"""

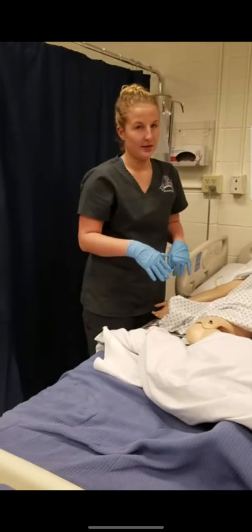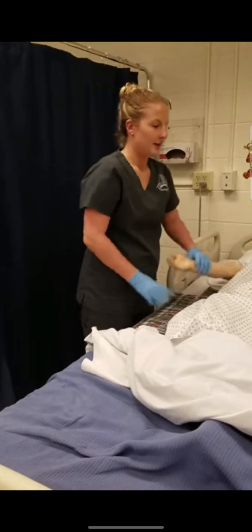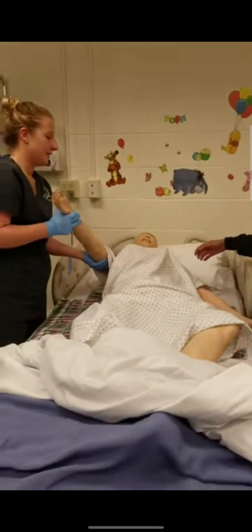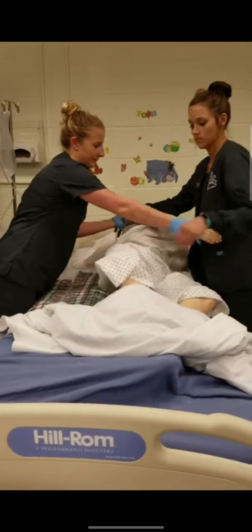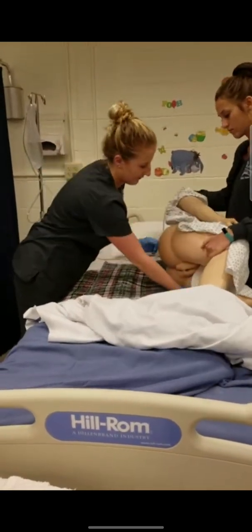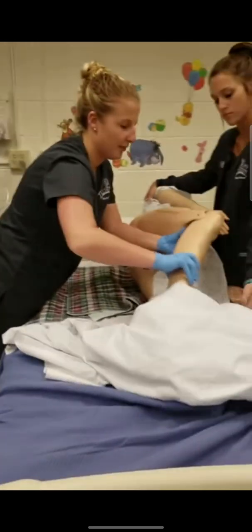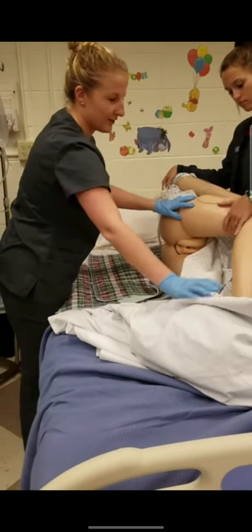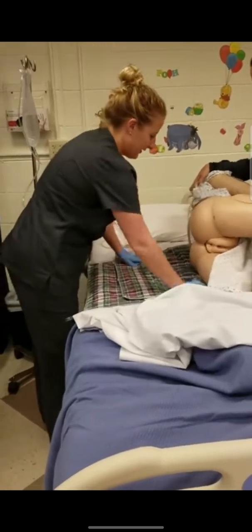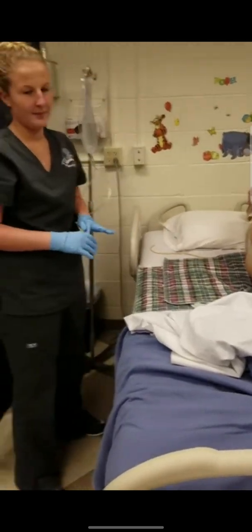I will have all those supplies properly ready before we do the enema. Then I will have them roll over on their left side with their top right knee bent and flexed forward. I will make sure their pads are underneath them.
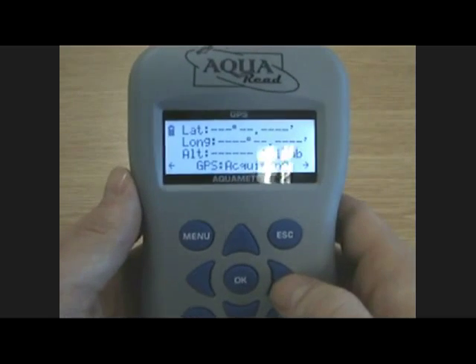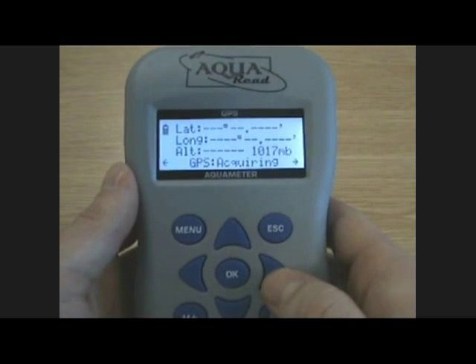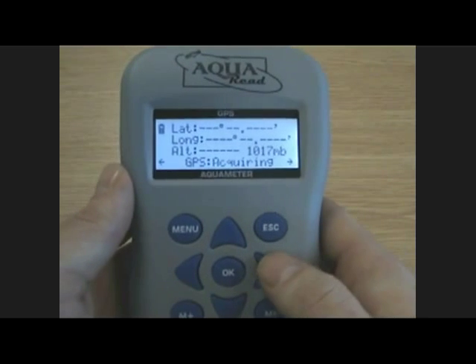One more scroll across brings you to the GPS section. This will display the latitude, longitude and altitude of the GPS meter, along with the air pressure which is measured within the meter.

"""
"""

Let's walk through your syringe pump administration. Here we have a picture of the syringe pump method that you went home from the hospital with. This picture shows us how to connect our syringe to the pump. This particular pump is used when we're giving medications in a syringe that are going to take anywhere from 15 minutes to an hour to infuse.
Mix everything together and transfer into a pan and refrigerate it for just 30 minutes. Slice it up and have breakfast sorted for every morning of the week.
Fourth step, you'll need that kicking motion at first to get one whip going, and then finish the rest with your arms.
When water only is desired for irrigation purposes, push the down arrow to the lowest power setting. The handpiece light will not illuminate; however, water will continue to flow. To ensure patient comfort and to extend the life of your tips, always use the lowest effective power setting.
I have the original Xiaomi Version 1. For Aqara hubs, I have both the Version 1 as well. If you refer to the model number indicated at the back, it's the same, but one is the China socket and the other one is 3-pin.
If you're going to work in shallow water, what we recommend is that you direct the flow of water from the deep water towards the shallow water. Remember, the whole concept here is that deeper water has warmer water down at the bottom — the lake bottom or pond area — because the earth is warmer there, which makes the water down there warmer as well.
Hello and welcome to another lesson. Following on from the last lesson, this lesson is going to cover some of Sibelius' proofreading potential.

"""
"""

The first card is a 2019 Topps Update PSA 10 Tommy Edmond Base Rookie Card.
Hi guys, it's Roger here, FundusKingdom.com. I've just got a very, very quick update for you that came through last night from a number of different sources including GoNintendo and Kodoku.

"""

## Activity
Copy the lines above between the one holding "I will have all" and the one holding "One more scroll", inclusive. Drop the pictures.

## Answer for the task
I will have all those supplies properly ready before we do the enema. Then I will have them roll over on their left side with their top right knee bent and flexed forward. I will make sure their pads are underneath them.
One more scroll across brings you to the GPS section. This will display the latitude, longitude and altitude of the GPS meter, along with the air pressure which is measured within the meter.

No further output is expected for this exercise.